Why is the chain rule stated as $\partial [f\circ g]=\partial[f(g(x))]\circ \partial[g(x)] $

111 Views Asked by At

If $\partial [f\circ g]=\partial[f(g(x))]\circ \partial[g(x)] $ then with the example $f=x^3$ and $g=\sin(x)$ then $$ f\circ g=\sin^3x $$

using the stated chain rule $$ \partial [f\circ g]=[3x^2\circ \sin(x)]\circ \cos(x) $$ which gives the wrong answer $$ 3\sin^2(x)\circ\cos(x) =3\sin^2(\cos(x)) $$ I have attached where the theorem is stated Chain Rule. In fact, there is an example when three functions are used Example

4

There are 4 best solutions below

1
On BEST ANSWER

The problem here stems from the fact that the total derivative in multivariable calculus usually has a slightly different definition than the derivative in ordinary one variable calculus.

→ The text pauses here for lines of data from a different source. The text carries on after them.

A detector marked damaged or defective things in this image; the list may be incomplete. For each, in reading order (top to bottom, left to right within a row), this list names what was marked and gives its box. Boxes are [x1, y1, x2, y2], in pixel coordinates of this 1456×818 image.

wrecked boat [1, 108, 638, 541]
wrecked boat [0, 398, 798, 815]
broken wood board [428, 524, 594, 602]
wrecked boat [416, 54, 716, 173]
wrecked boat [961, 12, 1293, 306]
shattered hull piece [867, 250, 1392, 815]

In particular, if we have a function $f:\mathbb{R}\supset\kern-0.7mm\to\mathbb{R}$, then derivative of $f$ at the point $x\in\mathbb{R}$ is the real number $f'(x)\in\mathbb{R}$. In multivariable calculus, however, this does not really work, and so instead we take the derivative to be either a matrix or a linear map (both formulations are equivalent). In the treatment you have, it seems the linear map approach is taken, and so in particular if we have a function $g:\mathbb{R}^n\supset\kern-0.7mm\to\mathbb{R}^m$, then the derivative of $g$ at the point $x\in\mathbb{R}^n$ is the linear map $Dg(x):\mathbb{R}^n\to\mathbb{R}^m$.

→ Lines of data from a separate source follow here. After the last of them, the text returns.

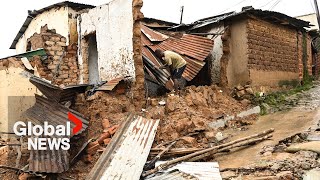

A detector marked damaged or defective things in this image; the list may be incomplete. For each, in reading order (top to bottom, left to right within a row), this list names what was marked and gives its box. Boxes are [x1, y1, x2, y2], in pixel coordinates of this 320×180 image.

broken timber [85, 114, 159, 179]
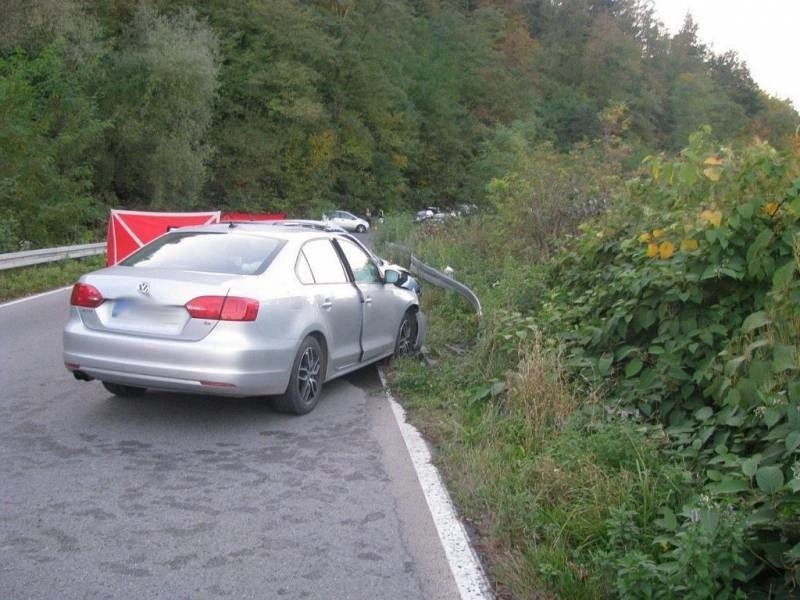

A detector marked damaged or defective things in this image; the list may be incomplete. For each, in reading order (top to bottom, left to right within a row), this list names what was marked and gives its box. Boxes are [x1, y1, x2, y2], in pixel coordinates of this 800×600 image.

damaged guardrail [0, 244, 105, 272]
bent metal barrier [0, 244, 106, 272]
damaged guardrail [382, 241, 482, 316]
bent metal barrier [386, 240, 484, 318]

The key thing to consider is that multiplication of real numbers corresponds to composition of linear maps, and so when we deal with the total derivative as a linear map, we get compositions where we otherwise would get multiplications. However this also means we have to be careful when we go between these two notions. In particular, if we wanted to consider the total derivative of out function $f:\mathbb{R}\supset\kern-0.7mm\to\mathbb{R}$ from before, then at $x\in\mathbb{R}$ it would be the linear map $Df(x):\mathbb{R}\to\mathbb{R}$ given by

$$[Df(x)](h)=f'(x)h.$$

This might seem like an insignificant difference, but it is key when we actually try to use the chain rule, as it does, in fact, turn composition into multiplication (this is indeed an example of an isomorphism). In particular, if we have two functions $f_1:\mathbb{R}\supset\kern-0.7mm\to\mathbb{R}$ and $f_2:\mathbb{R}\supset\kern-0.7mm\to\mathbb{R}$, then we can find $Df_1(x)\circ Df_2(x):\mathbb{R}\to\mathbb{R}$ by

$$[Df_1(x)\circ Df_2(x)](h)=[Df_1(x)](f_2'(x)h)=f_1'(x)f_2'(x)h,$$

i.e. my multiplying the derivatives.

Let us now look at how this can be used in your example. So the chain rule can be written as

$$D(f\circ g)(x)=Df(g(x))\circ Dg(x),$$

with $f:\mathbb{R}^k\supset\kern-0.7mm\to\mathbb{R}^m$ and $g:\mathbb{R}^n\supset\kern-0.7mm\to\mathbb{R}^k$ sufficiently nice. In particular,

$$[D(f\circ g)(x)](h)=[Df(g(x))\circ Dg(x)](h).$$

In your case, we consider the functions $f:\mathbb{R}\to\mathbb{R}$ and $g:\mathbb{R}\to\mathbb{R}$ given by

$$f(x)=x^3,\quad g(x)=\sin(x).$$

Now their derivatives we know are given by

$$f'(x)=3x^2,\quad g'(x)=\cos(x),$$

and so their total derivatives will be the linear maps given by

$$[Df(x)](h)=3x^2h,\quad [Dg(x)](h)=\cos(x)h.$$

Applying the chain rule we get that

$$[D(f\circ g)(x)](h)=[Df(g(x))\circ Dg(x)](h)=[Df(\sin(x))](\cos(x)h)=3\sin(x)^2\cos(x)h.$$

But we know then from the discussion about that if the total derivative is given by

$$[D(f\circ g)(x)](h)=3\sin(x)^2\cos(x)h,$$

then this corresponds to the ordinary derivative being given by

$$(f\circ g)'(x)=3\sin(x)^2\cos(x),$$

which is exactly what we should get from the one variable chain rule! And so in conclusion, the multivariable chain rule does indeed work, you just have to know the exact definitions you are working with to apply it, and you have to be a bit more careful when translating between derivatives in the context of one variable calculus and derivative in the context of multivariable calculus!

4
On

That's not the correct chain rule, second one is product of functions not composition. The correct chain rule is $$(f\circ g)'(x)=f'(g(x))\cdot g'(x).$$ In your example $$(x^3\circ \sin x)'=3(x^2\circ\sin x)\cdot (\sin x)'=3\sin^2x\cdot \cos x.$$

0
On

The chain rule you provided is indeed correct, you just misunderstood the role of the composition.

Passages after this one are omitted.